The levels themselves, along with the missions they contain, are joyless. All eight of the included levels feel empty and disjointed, as if objects were placed around a blank space haphazardly and slapped with generic themes like 'beach' or 'outer space'. Unlike the earlier games' multifaceted layouts full of trick-chaining possibilities, THPS5's sterile stages seem to be offering one, maybe two intended tricklines at any given time. Create-A-Park is back, giving you the option to plop down halfpipes and rails atop set templates. But no matter what kind of kooky level you or anyone else creates and uploads to the desolate selection found online, nothing can infuse THPS5 with the sense of fast, fluid freedom captured by the series' third and fourth iterations.

Meanwhile, the missions are effectively the same in every level, with the classic two-minute score run being the only mildly enjoyable objective to choose from. Other points-based tasks will often deprive you of crucial moves like manuals and reverts in a futile attempt to make things more interesting. The rest are inane chores, like knocking giant beach balls out of a pool or shooing pigeons off a railing; aceing these activities only leads to more misery when you unlock the 'PRO' missions, which are the antithesis of fun. In previous Hawk games, the sting of difficult mission objectives was lessened by the fact that you could retry it instantaneously. In THPS5, starting over takes at least seven seconds: you're forced to wait through two lovely countdown timers, and the Retry command is placed as the fourth option down on the pause menu. There's no way to successfully complete a mission early even after you've met your objective, and the static map screen offers nothing in the way of guidance.

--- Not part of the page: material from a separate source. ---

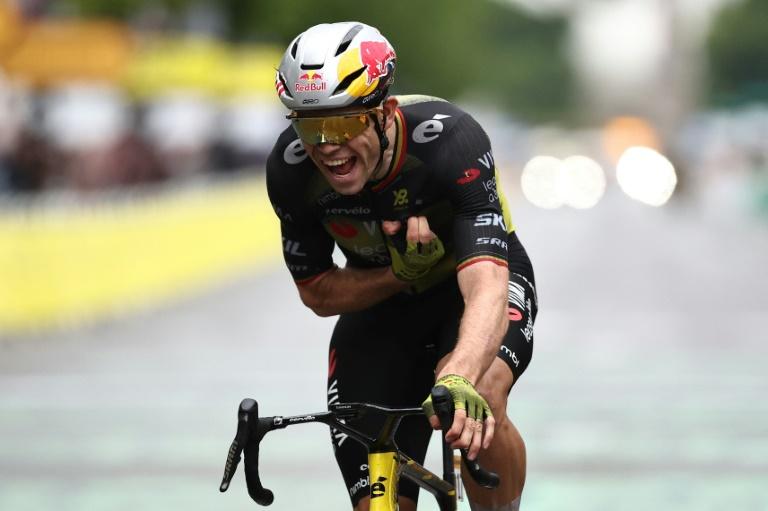 Tadej Pogacar remporte son quatrième Tour de France, Van Aert la dernière étape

If there's any redeeming quality to be found in THPS5, it's the skaters themselves. Alongside the Birdman himself and skateboarding mainstays like Andrew Reynolds and Chris Cole, there's a nice selection of young up-and-comers who could very well become your new favorites. The inclusion of Lil Wayne is nonsensical but appreciated, and you'll even find some secret cameos by the cartoony likes of Octodad and Graham from the new King's Quest. Unfortunately, everyone shares the same Special moves, making it so that the character choices feel homogenous.

I didn't even encounter the worst bugs that Tony Hawk's Pro Skater 5 has to offer, with bodies ragdolling for no reason and skaters plummeting through the level geometry. It almost makes me feel left out: instead of glitches that could at least make me laugh, all I got were stuttery camera shakes, constant frame drops, and seemingly glitched railings that would suddenly pop me out of a grind and terminate my combos for no reason.

If Tony Hawk's Pro Skater 5 were a budget game, I'd have a hard time recommending it to anyone. At full retail price, it's a disgrace. Labeling this as the fifth entry in the series has effectively backfired: it's a constant reminder of how much greater the originals were, and how much you'd rather be playing them instead.

This game was reviewed on PlayStation 4.